■ **Task to complete**: Copy the complete listing word for word, but do not carry over any images.

■ **Data**:
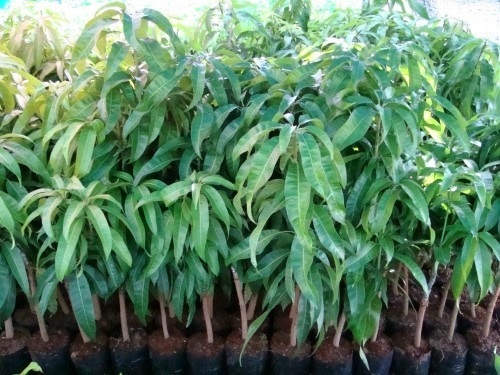 Cây giống Xoài Thái Lan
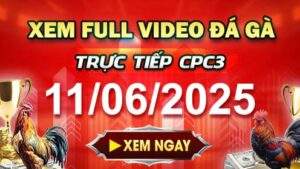 Xem Lại Video Đá Gà CPC3 Ngày 11-06-2025 cùng GACAM67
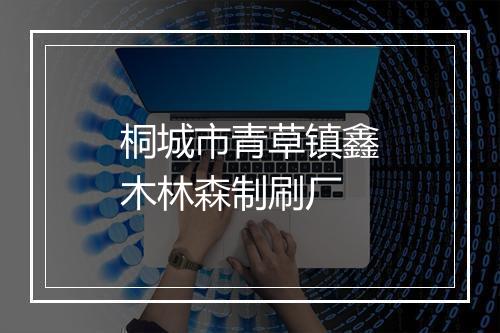 桐城市青草镇鑫木林森制刷厂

■ **Solution to the exercise**:
 Cây giống Xoài Thái Lan
 Xem Lại Video Đá Gà CPC3 Ngày 11-06-2025 cùng GACAM67
 桐城市青草镇鑫木林森制刷厂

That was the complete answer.